=== RECORD EXCERPTS ===

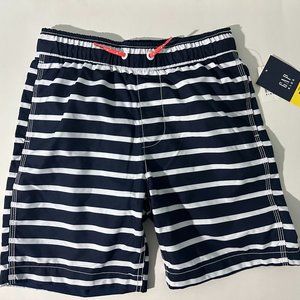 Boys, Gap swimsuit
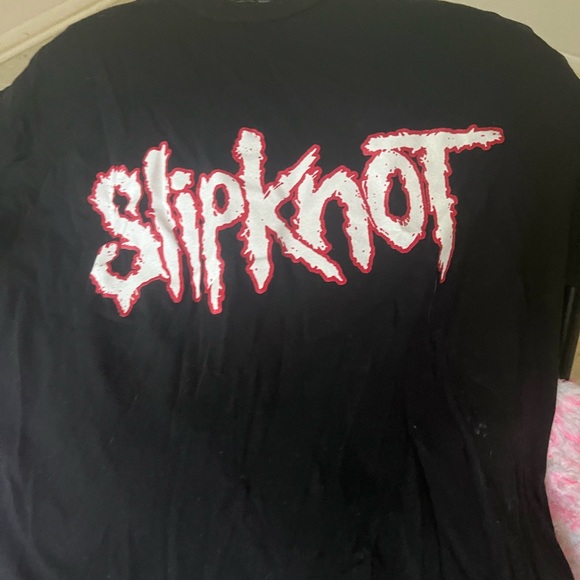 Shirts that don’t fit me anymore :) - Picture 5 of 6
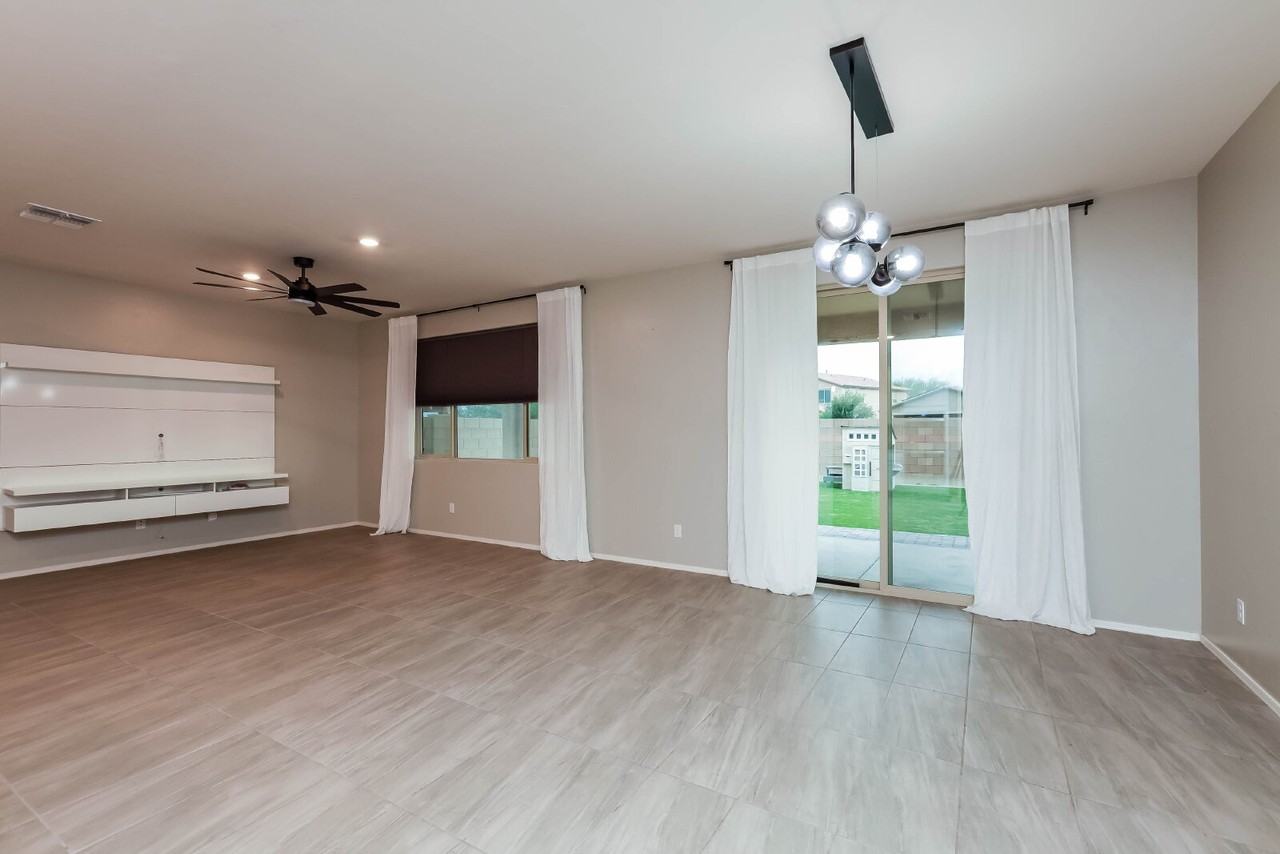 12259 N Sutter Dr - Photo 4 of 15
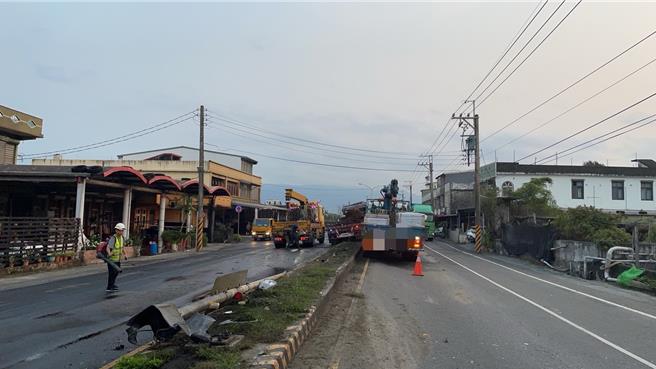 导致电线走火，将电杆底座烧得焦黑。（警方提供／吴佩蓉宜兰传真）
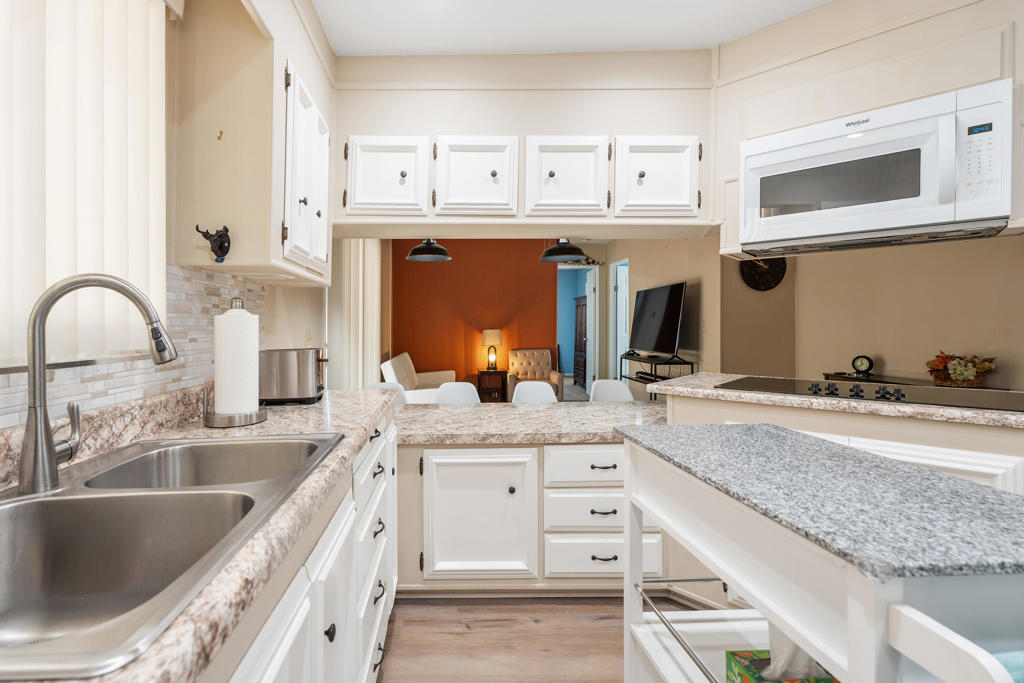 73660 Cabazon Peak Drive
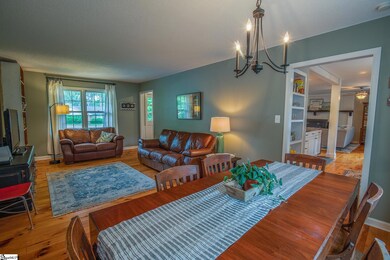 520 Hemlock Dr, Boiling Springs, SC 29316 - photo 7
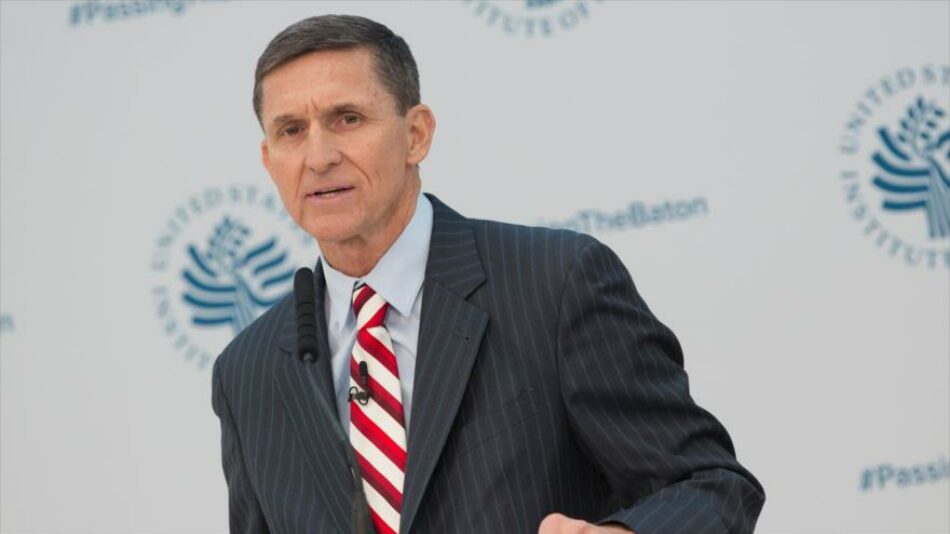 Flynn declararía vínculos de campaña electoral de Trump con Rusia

===
=== RECORD EXCERPTS ===

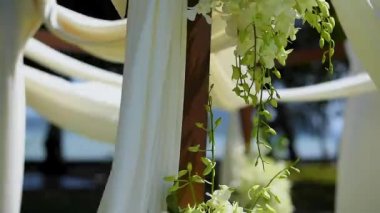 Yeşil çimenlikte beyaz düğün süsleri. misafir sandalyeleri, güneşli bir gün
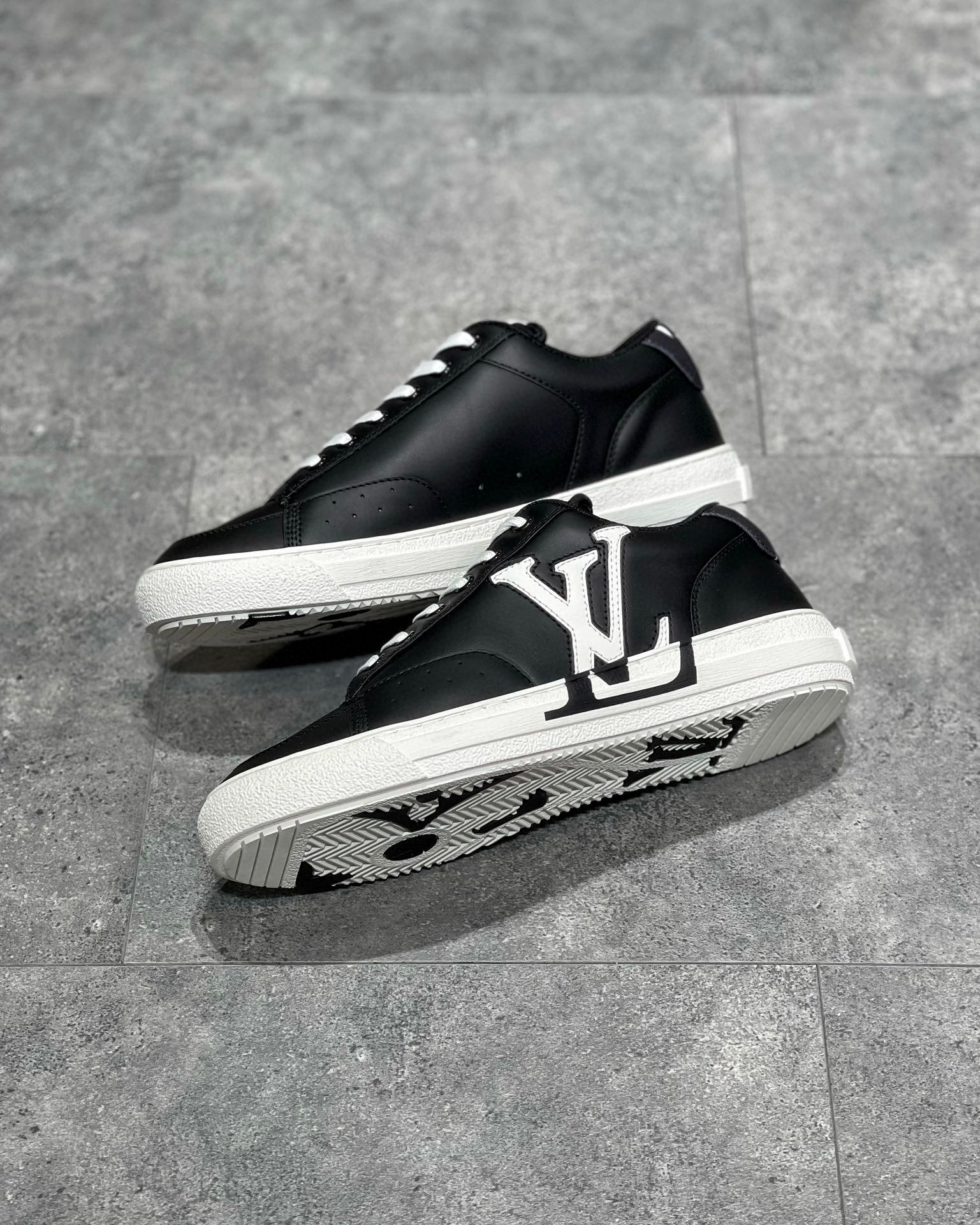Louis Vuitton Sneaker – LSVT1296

===

■ **PROBLEM STATEMENT**
Give again the stretch of lines above from the one with "导致电线走火，将电杆底座烧得焦黑。（警方提供／吴佩蓉宜兰传真）" through the one with "Flynn declararía vínculos", both ends kept, and copy no pictures.

■ **RESULT OF THIS TASK**
 导致电线走火，将电杆底座烧得焦黑。（警方提供／吴佩蓉宜兰传真）
 73660 Cabazon Peak Drive
 520 Hemlock Dr, Boiling Springs, SC 29316 - photo 7
 Flynn declararía vínculos de campaña electoral de Trump con Rusia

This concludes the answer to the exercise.